==== Given data ====

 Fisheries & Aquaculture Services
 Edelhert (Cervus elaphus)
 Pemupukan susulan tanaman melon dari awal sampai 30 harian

====

Repeat the material in full. Nothing may differ.

**Answer space:**
 Fisheries & Aquaculture Services
 Edelhert (Cervus elaphus)
 Pemupukan susulan tanaman melon dari awal sampai 30 harian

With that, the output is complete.